Thunder and Lightning

Thunder and Lightning (1977) seems like a half-hearted Hollywood effort to jump on the 1970s-decade films-about-the-South band wagon. Produced by Roger Corman, directed by Corey Allen (mainly a director of television episodes), it tries to make David Carradine into a Southern ring-tailed roarer in the vein of Burt Reynolds' Gator McCluskey. The action is intense but without much excitement, the hijinks are forced and unsurprising, the story-line is shallow and punctuated with seemingly endless dune buggy races and car chases. There's a fight in what appears to be a hog trough. There's a protracted scene where Carradine and his girlfriend throw cartons of soft drinks from the back of a delivery truck. There's plenty of moonshine and a range of bucolic good-ol'-boy types along with a few Mafioso enforcers trying to conduct a hit on a golf course thrown in for good measure.

The basic plot concerns moonshiners in the Florida swamps. There are the "good" moonshiners who make high-quality shine and sell it to the locals, and there are "bad" moonshiners who use radiators and car batteries to make tainted shine which they force local vendors to buy. The bad moonshiners spend a lot of time colluding with the mob up North and with the local senator, and with breaking down the stills of the good moonshiners whom they try to put out of business.

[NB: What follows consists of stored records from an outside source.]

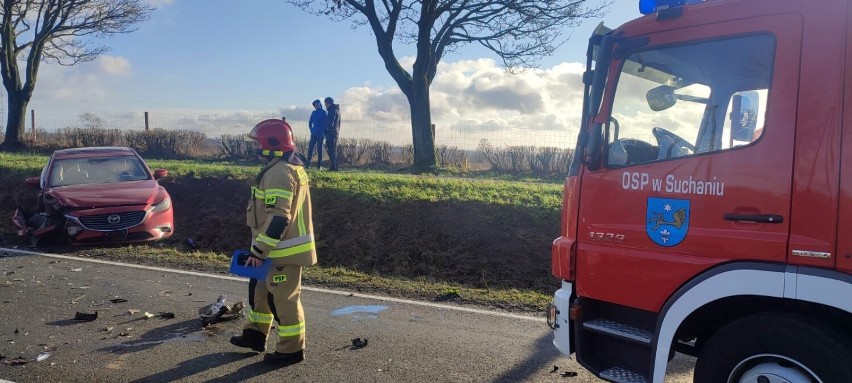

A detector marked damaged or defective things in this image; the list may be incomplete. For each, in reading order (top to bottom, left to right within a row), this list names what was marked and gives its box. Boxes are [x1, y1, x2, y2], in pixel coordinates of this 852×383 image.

damaged red mazda [13, 147, 174, 246]
crumpled car hood [47, 181, 165, 208]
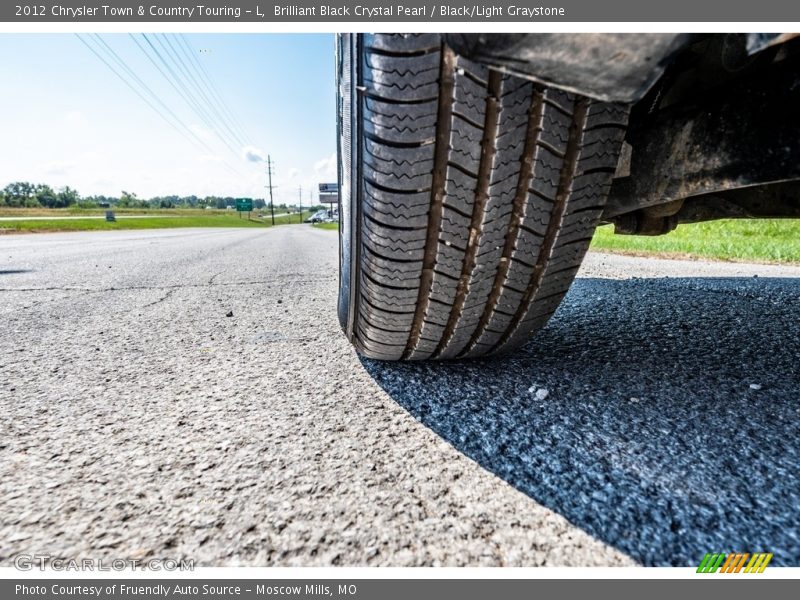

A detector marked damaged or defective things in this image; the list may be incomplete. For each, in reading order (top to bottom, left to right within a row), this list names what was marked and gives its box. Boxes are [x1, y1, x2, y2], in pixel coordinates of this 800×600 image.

cracked asphalt pavement [0, 226, 796, 568]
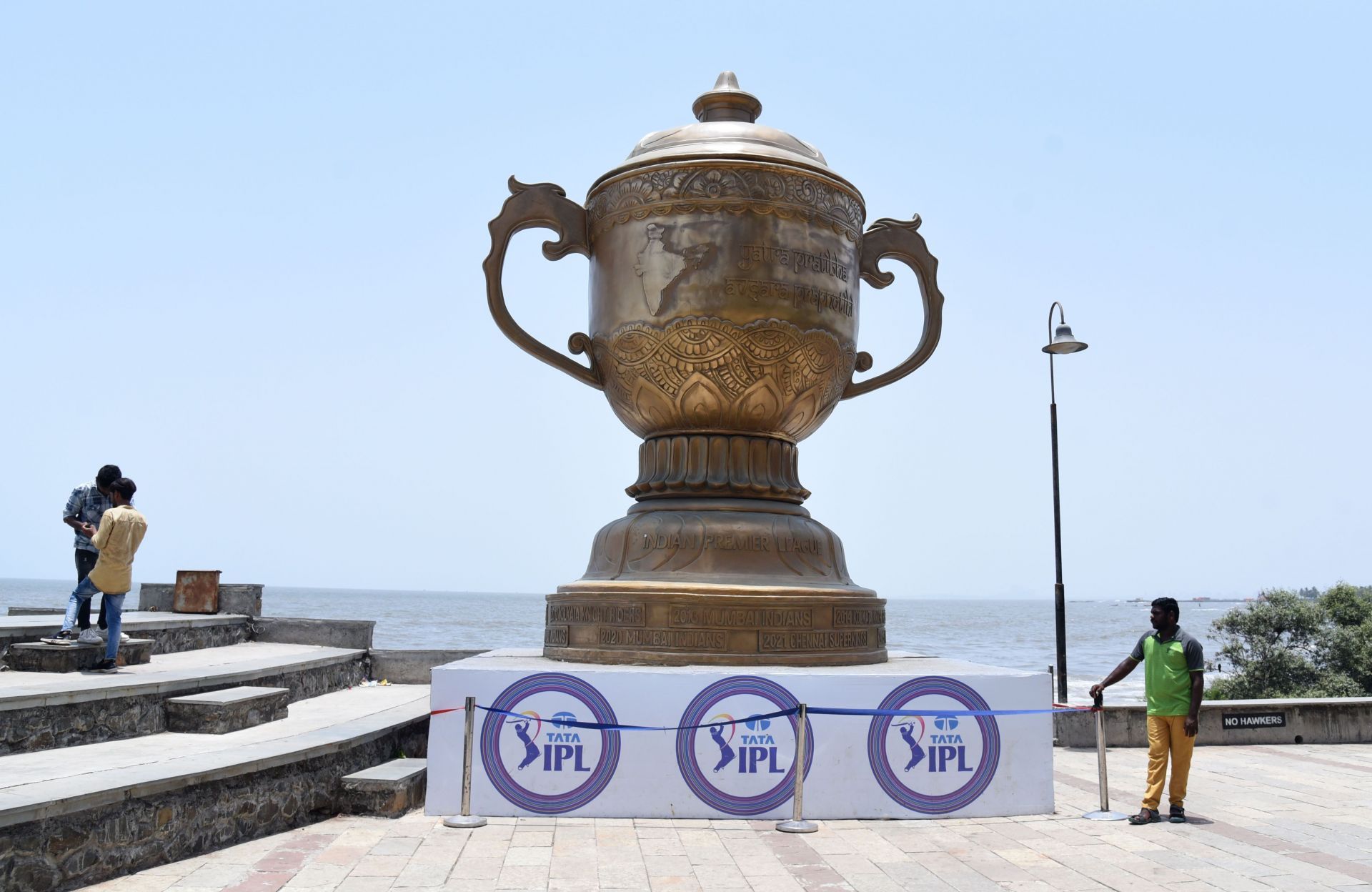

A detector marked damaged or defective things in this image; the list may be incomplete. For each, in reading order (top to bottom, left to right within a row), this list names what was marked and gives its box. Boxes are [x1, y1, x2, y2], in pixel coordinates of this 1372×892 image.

rusty metal box [174, 570, 222, 612]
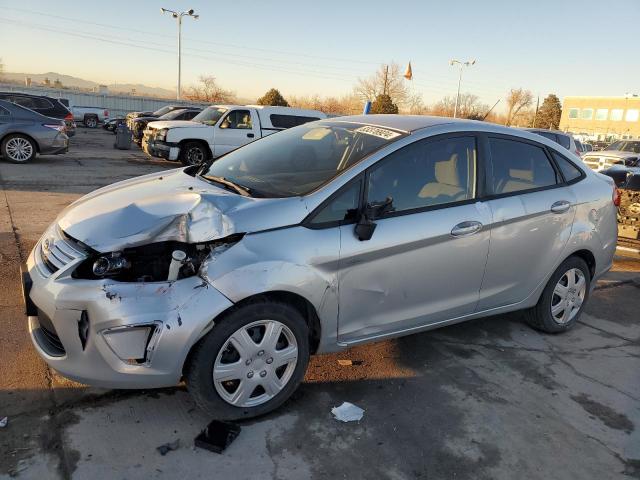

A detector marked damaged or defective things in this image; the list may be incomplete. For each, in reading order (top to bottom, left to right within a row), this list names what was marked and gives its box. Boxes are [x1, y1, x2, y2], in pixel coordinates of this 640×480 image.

crushed front bumper [24, 237, 235, 390]
broken headlight [72, 235, 242, 284]
crumpled hood [56, 168, 308, 251]
damaged silver sedan [22, 115, 616, 416]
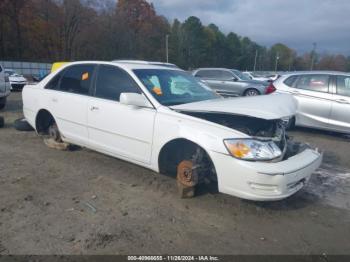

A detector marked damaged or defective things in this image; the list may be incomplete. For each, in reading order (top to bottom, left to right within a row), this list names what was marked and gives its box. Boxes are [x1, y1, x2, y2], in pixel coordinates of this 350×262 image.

damaged white car [21, 61, 322, 201]
damaged front bumper [211, 147, 322, 201]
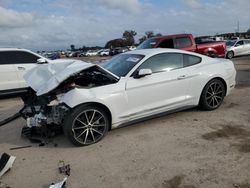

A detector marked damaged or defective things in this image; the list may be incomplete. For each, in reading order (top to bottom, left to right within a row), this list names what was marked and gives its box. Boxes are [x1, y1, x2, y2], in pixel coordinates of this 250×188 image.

damaged front end [18, 60, 118, 141]
hood damage [19, 60, 117, 142]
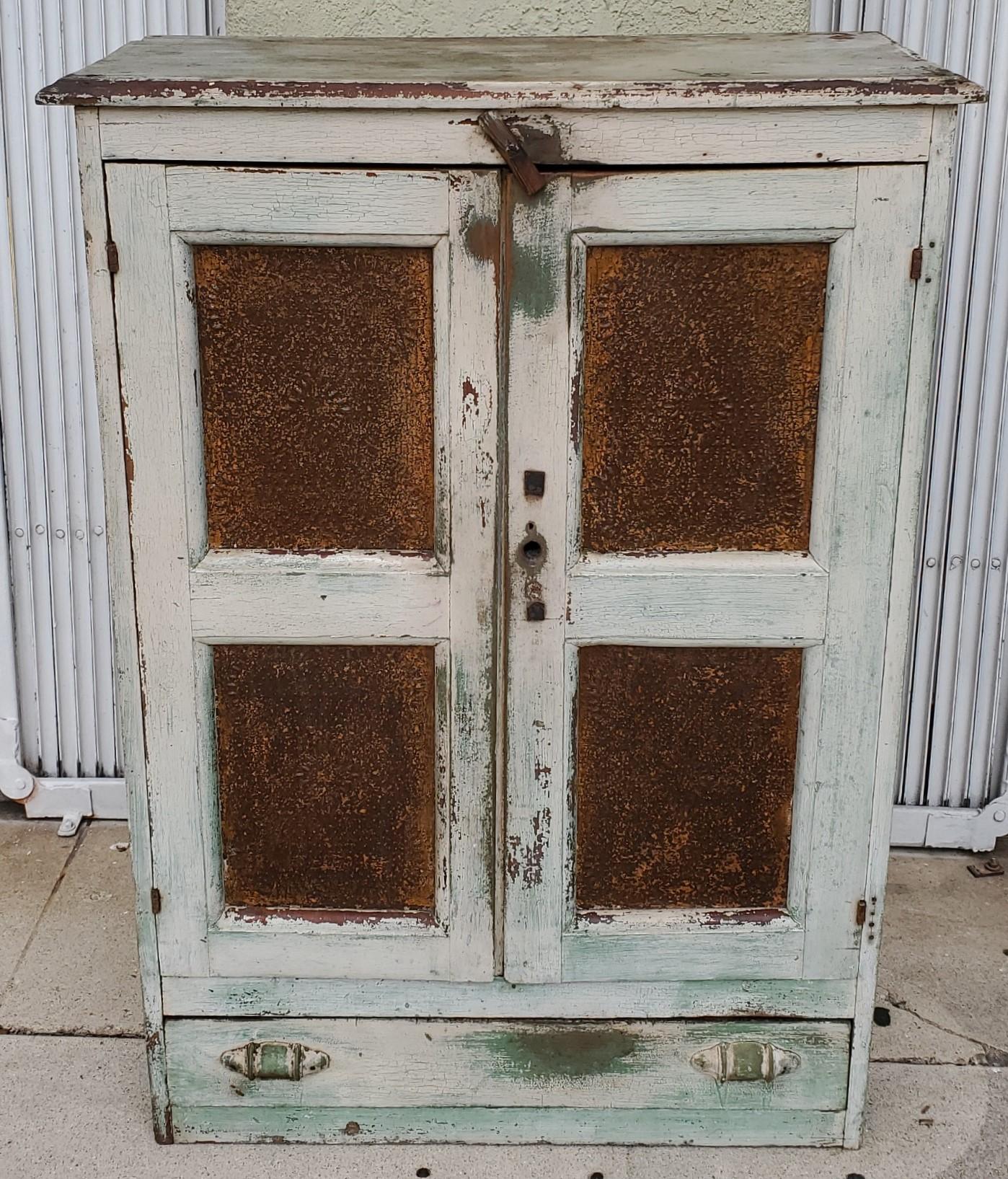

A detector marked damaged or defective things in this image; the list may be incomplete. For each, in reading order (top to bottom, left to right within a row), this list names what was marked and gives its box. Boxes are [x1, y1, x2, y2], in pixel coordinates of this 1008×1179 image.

rusty punched tin panel [195, 242, 436, 551]
rusty punched tin panel [583, 242, 831, 551]
rusty punched tin panel [215, 643, 436, 911]
rusty punched tin panel [577, 643, 802, 911]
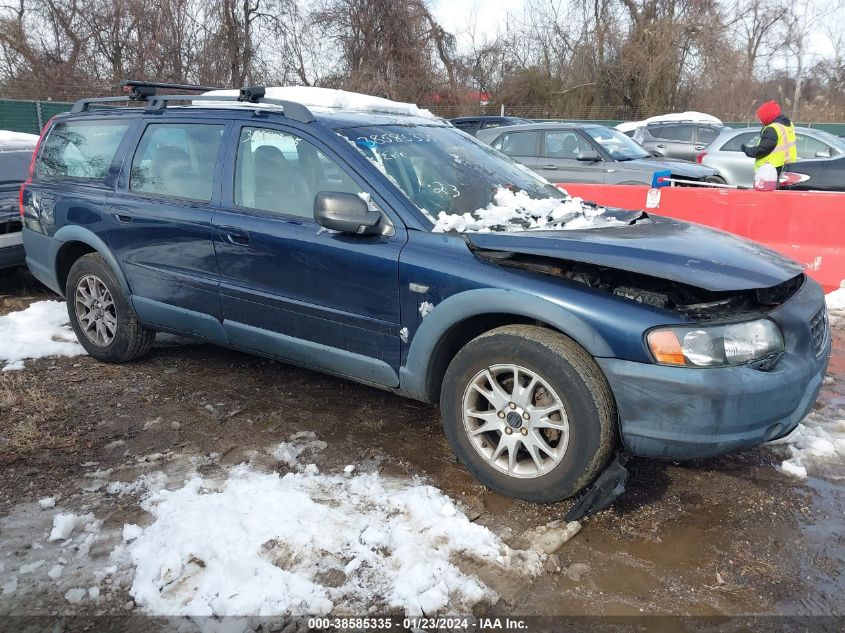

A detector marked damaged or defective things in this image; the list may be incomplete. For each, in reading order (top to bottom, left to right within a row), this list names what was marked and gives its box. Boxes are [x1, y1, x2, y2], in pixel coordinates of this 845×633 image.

damaged hood [468, 212, 804, 292]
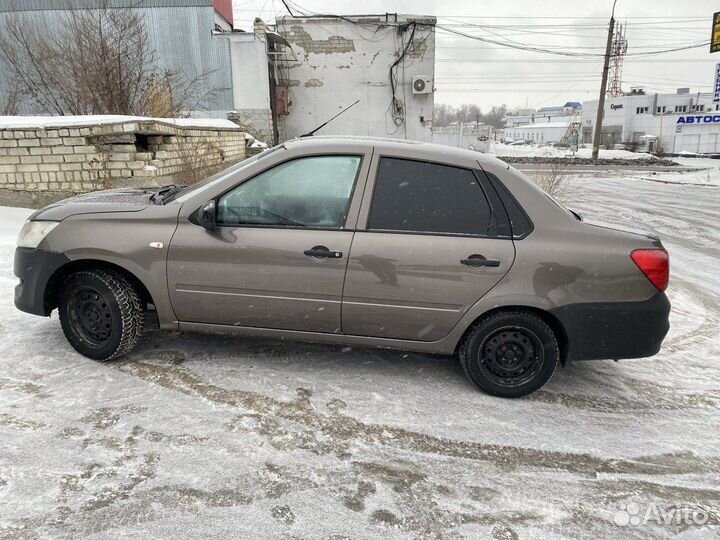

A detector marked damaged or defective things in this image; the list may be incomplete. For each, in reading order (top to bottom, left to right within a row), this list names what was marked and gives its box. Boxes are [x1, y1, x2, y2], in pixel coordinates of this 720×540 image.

damaged plaster wall [274, 16, 434, 143]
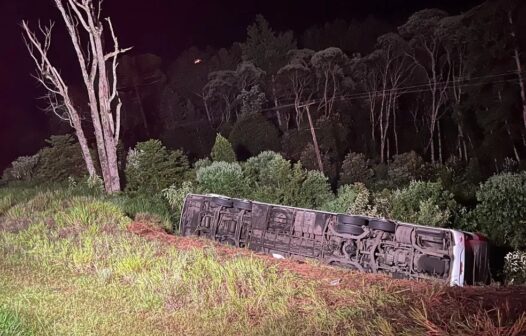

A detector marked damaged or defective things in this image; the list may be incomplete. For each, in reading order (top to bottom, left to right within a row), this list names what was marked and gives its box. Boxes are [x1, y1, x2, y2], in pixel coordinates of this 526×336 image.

Carradine plays Harley Thomas, the hero, who delivers whiskey made by the good moonshiners. His girlfriend is the smoothly coiffed Nancy Sue Hunnicutt (Kate Jackson), whose father heads up the local bad moonshine operation. Harley is the fool killer in this film. He drives fast and furiously, always outwits the bad guys, speaks with the same accent he used in the Kung Fu television series. Kate Jackson at least manages a mild accent. We see a possum in one scene and an alligator in another. In one faintly amusing scene Harley meets Nancy at a church service where the reverend delivers his sermon while wrestling an alligator. Other than them critters, there's nothing authentic or mildly stimulating in this dull and bland production.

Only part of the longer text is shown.